La disputa entre Anthropic y OpenAI sumó un nuevo capítulo tras la decisión de Donald Trump de cortar acuerdos de Defensa con Claude y privilegiar a ChatGPT, en medio de un fuerte debate sobre el uso militar de la inteligencia artificial.

Anthropic, la compañía detrás del chatbot Claude, había concretado acuerdos con dependencias del Departamento de Defensa de Estados Unidos durante la gestión de Donald Trump. Esos convenios se enmarcaban en el creciente interés del sector militar por sistemas de inteligencia artificial capaces de procesar información estratégica, asistir en tareas analíticas y optimizar la logística.
Con el correr de los meses, la relación se tensó. Directivos de Anthropic empezaron a plantear límites más estrictos sobre el tipo de aplicaciones que podían desarrollarse con su tecnología, especialmente en ámbitos sensibles como el uso letal de la fuerza, la supervisión de armas autónomas y la toma de decisiones en operaciones militares de alto riesgo.
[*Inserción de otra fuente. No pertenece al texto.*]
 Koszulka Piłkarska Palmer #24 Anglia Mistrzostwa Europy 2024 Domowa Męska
Fuentes del sector tecnológico en Estados Unidos señalan que la empresa impulsó cláusulas de seguridad más robustas y mayores evaluaciones de impacto, algo que chocó con las expectativas del entorno político y militar que acompañaba a Trump, que reclamaba avances más veloces y con menos condicionamientos.
Trump corta con Claude y se vuelca a ChatGPT
En ese contexto, el exmandatario decidió romper los vínculos con Anthropic. De acuerdo con trascendidos en Washington, el detonante fue la negativa de la firma a avanzar en proyectos vinculados con defensa ofensiva y simulaciones militares complejas sin un marco de supervisión civil reforzado.
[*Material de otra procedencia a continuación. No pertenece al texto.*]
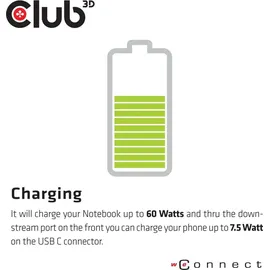 Club 3D CLUB3D CSV-1562 USB-C Passend Fuer Marke (Notebook Dockingstations): Univ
Tras el quiebre, Trump habría reorientado su preferencia hacia OpenAI, desarrolladora de ChatGPT. La plataforma, que ya contaba con altos niveles de adopción en el sector privado y organismos públicos, fue vista por el entorno del republicano como una alternativa más alineada con sus objetivos, pese a que la propia OpenAI también mantiene lineamientos éticos y restricciones de uso.
La mudanza de confianza hacia ChatGPT se produjo en un momento de profunda competencia comercial. Tanto Anthropic como OpenAI buscan posicionarse en contratos gubernamentales millonarios, donde la capacidad de adaptación normativa y el margen de maniobra frente a exigencias políticas se vuelven factores determinantes.
Choque de visiones éticas y pelea abierta en redes
El conflicto trasciende lo comercial y expone el choque entre modelos de gobernanza de la IA. Anthropic se presenta como una compañía fuertemente enfocada en la seguridad y la alineación de sus sistemas con valores democráticos, mientras que OpenAI combina esa narrativa con una estrategia más agresiva de expansión de mercado y acuerdos con grandes corporaciones y gobiernos.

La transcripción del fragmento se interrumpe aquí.